It was one of those lucid moments, a tender memory shared.
Linda Cielinski was visiting with her aging father, Raymond LaFave, a couple of years ago on Veterans Day. LaFave, now 91 and living at the Veterans Home, has been juggling memory-loss issues for years.
"Then out of the blue," she said, "Hilda Moses came up."
Her father recalled growing up in north Minneapolis in a diverse neighborhood where white and black, Scandinavian and Jew, lived side by side in something near harmony.
Ray told his daughter about a girl named Hilda Moses who lived in a flat across the street — a schoolmate of his late sister, Esther, at the Basilica of St. Mary in Minneapolis.
"Dad just said she would come over and sing in their living room with Esther," Cielinski said. "Out of this long ago time was this sweet, dear memory of a pretty black girl singing in his living room with his much loved and missed sister."

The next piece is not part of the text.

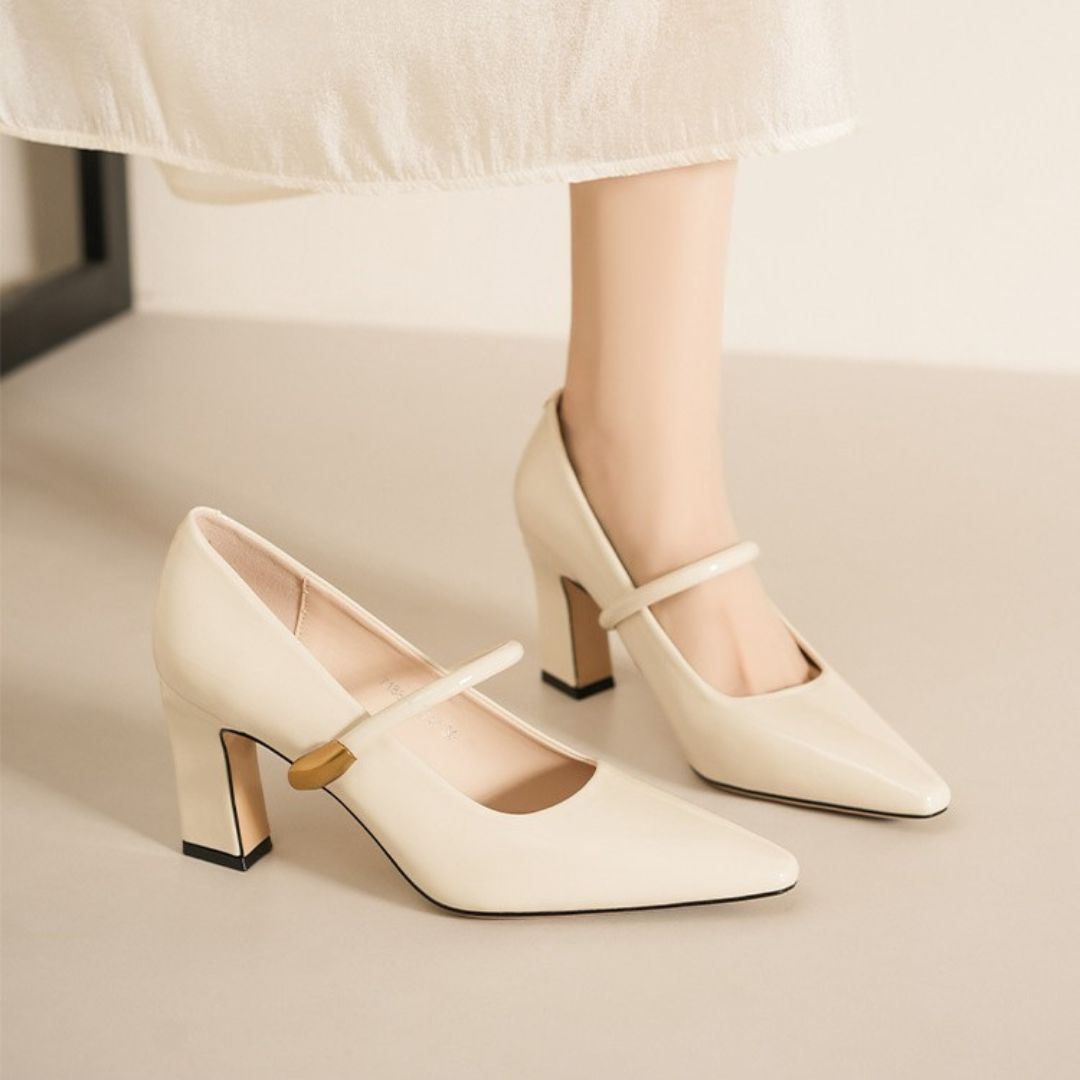 Ivory Block Heel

Her dad said something else that autumn day, something about Hilda heading off to Hollywood, which she did, by way of Broadway.
Hilda Moses, one of11 siblings, was born April 15, 1918. Her parents, Emile and Lydia, were devout Catholics. Hilda graduated from St. Margaret's Academy and set her sights on a teaching career. But she came of age during the Depression and money was so tight, she couldn't afford the cost of tuition and books at the University of Minnesota.